**ACTIVITY:**
All that is wanted is the exact lines from the one with "Electric Screwdriver Set" through the last line of the entries, with both ends kept and every picture left out.

**RECORDS TO USE:**

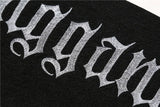 fashion back letters embroidery denim flare jeans mens zipper straight trouser hip hop destroy holes streetwear pants joggers unique joggers style 123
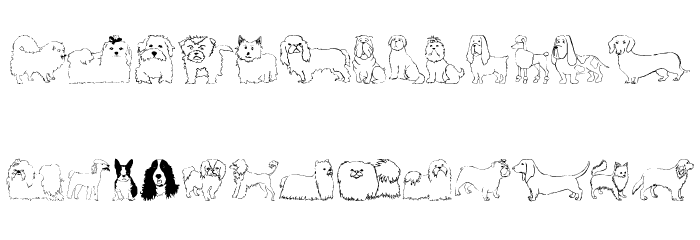 Puppins Font LOWERCASE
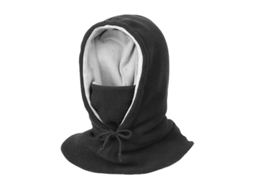 Balaclava Multifuncional para Inverno Chapéu + Cachecol + Pescoço Aquecedor para Homens e Mulheres Roupas para Frio Extremo, Preta BRILVIBERA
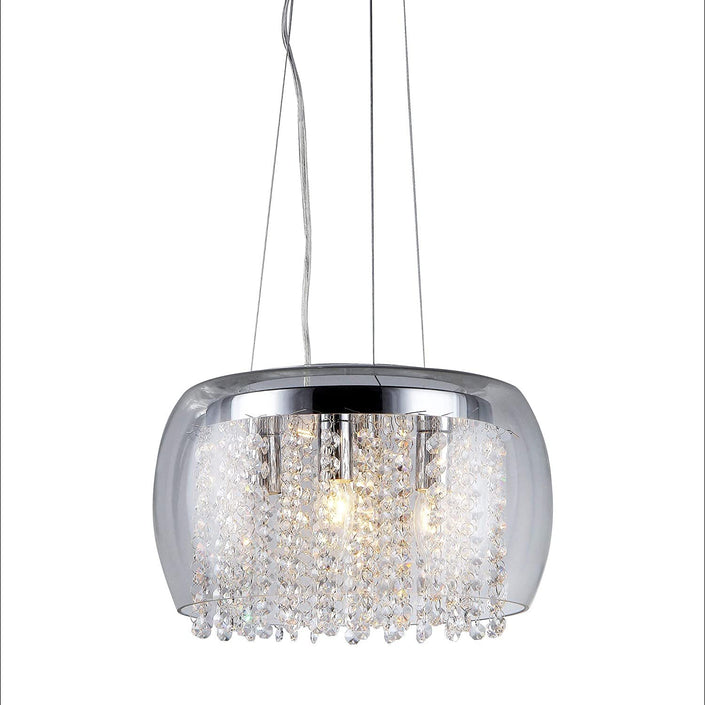 Nereids Chrome Chandelier light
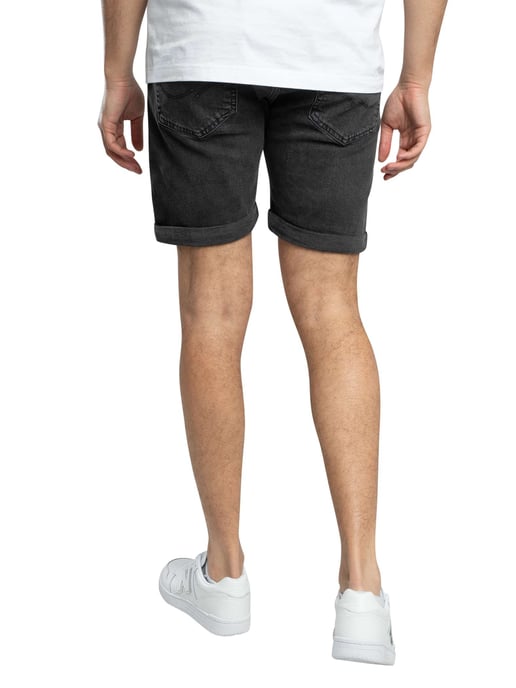 Jack & Jones Rick Original Jeansshorts, Schwarz - Image 3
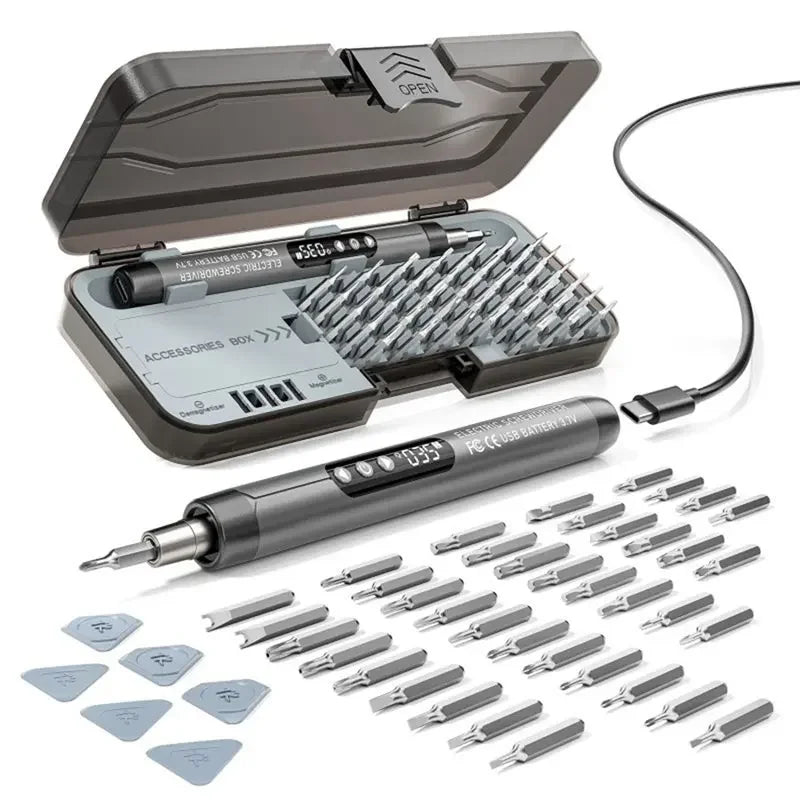 Electric Screwdriver Set Precision Power Tool Kit Rechargeable Wireless Mini Small Bits for Mobile Cell computer Repair CRV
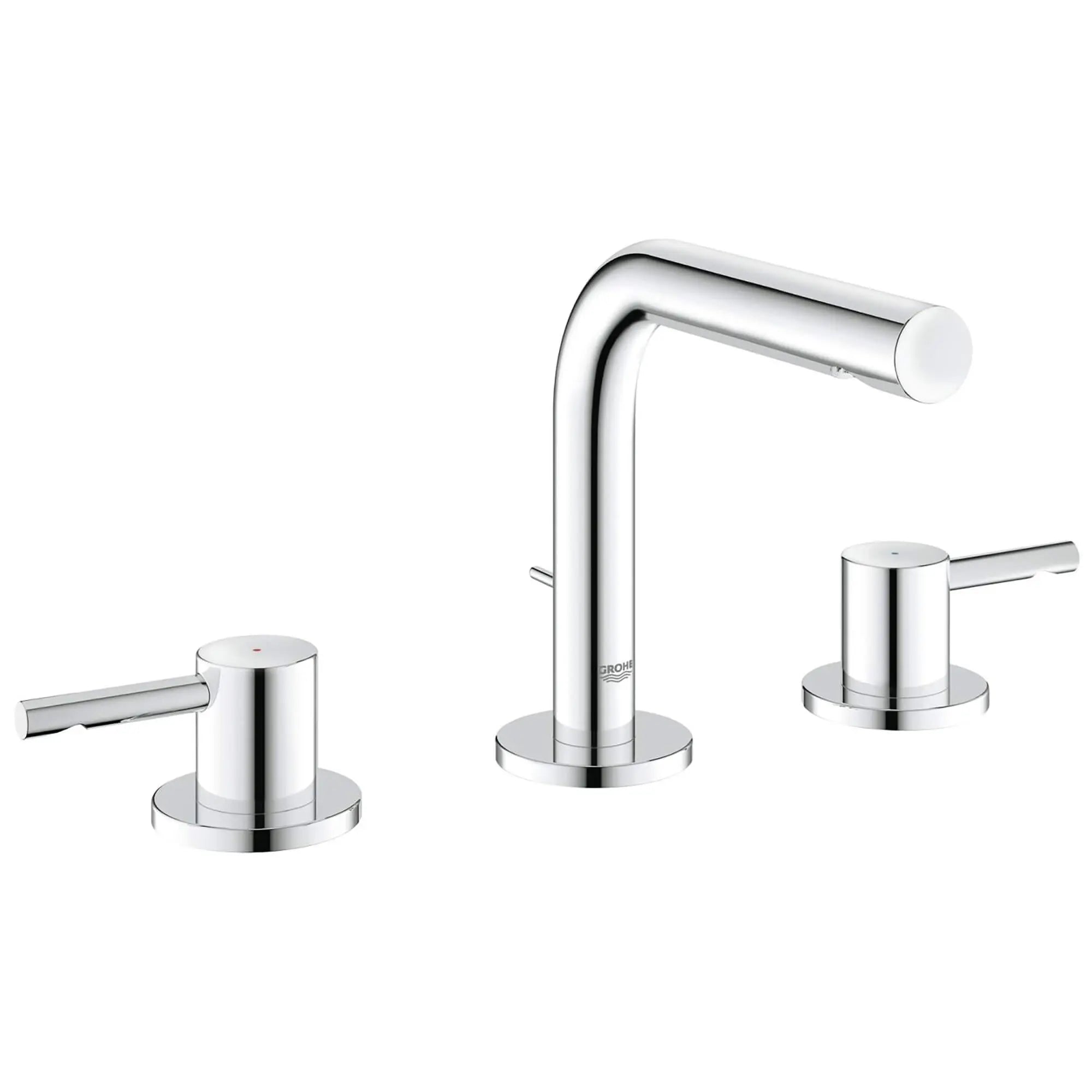 8” Widespread Bathroom Faucet M-Size // GROHE STARLIGHT CHROME // 13160_20297000-Essence-8_Widespread_Two-Handle_Bathroom_Faucet_S-Size_0_CDNwebp.webp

**OUTPUT FOR THIS EXERCISE:**
 Electric Screwdriver Set Precision Power Tool Kit Rechargeable Wireless Mini Small Bits for Mobile Cell computer Repair CRV
 8” Widespread Bathroom Faucet M-Size // GROHE STARLIGHT CHROME // 13160_20297000-Essence-8_Widespread_Two-Handle_Bathroom_Faucet_S-Size_0_CDNwebp.webp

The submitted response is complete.